§ **Provided material**:
:::::

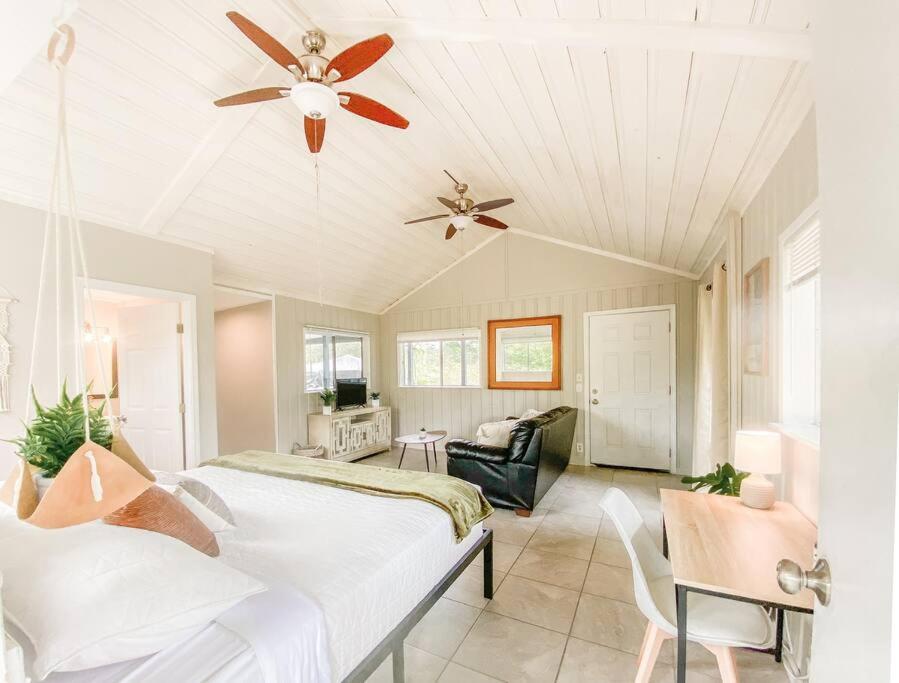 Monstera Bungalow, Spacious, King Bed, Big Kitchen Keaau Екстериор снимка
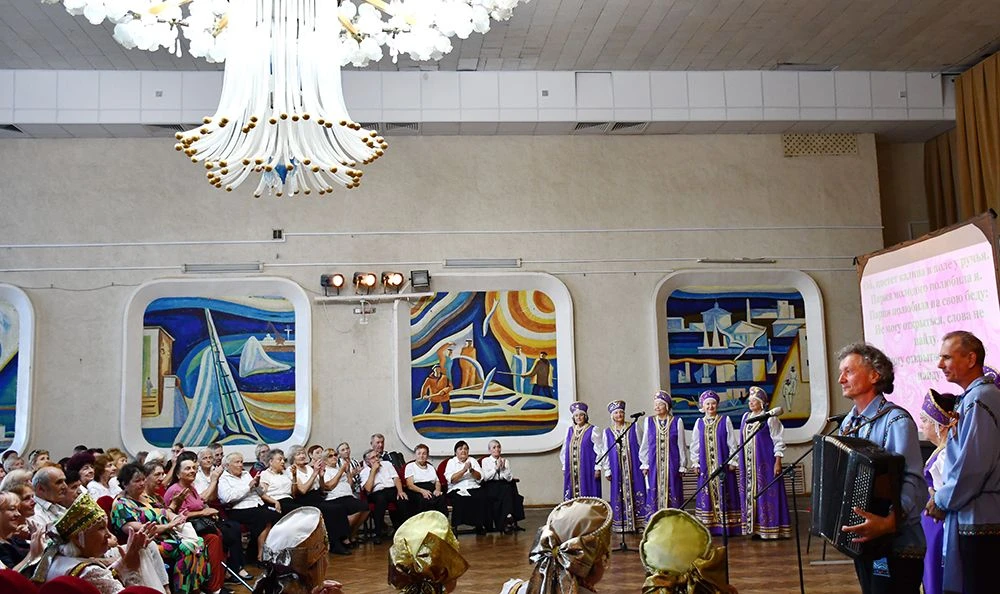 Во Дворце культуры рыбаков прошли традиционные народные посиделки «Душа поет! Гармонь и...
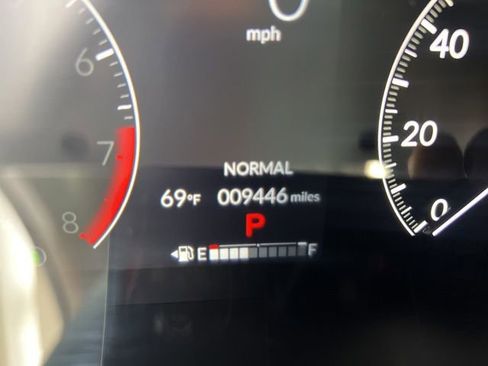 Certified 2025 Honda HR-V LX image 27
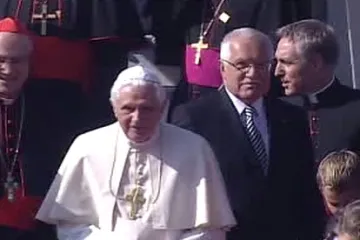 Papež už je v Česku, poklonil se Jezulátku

:::::

§ **Task item**:
Return the full listing exactly as it appears above, without its pictures.

§ **Answer to this task**:
 Monstera Bungalow, Spacious, King Bed, Big Kitchen Keaau Екстериор снимка
 Во Дворце культуры рыбаков прошли традиционные народные посиделки «Душа поет! Гармонь и...
 Certified 2025 Honda HR-V LX image 27
 Papež už je v Česku, poklonil se Jezulátku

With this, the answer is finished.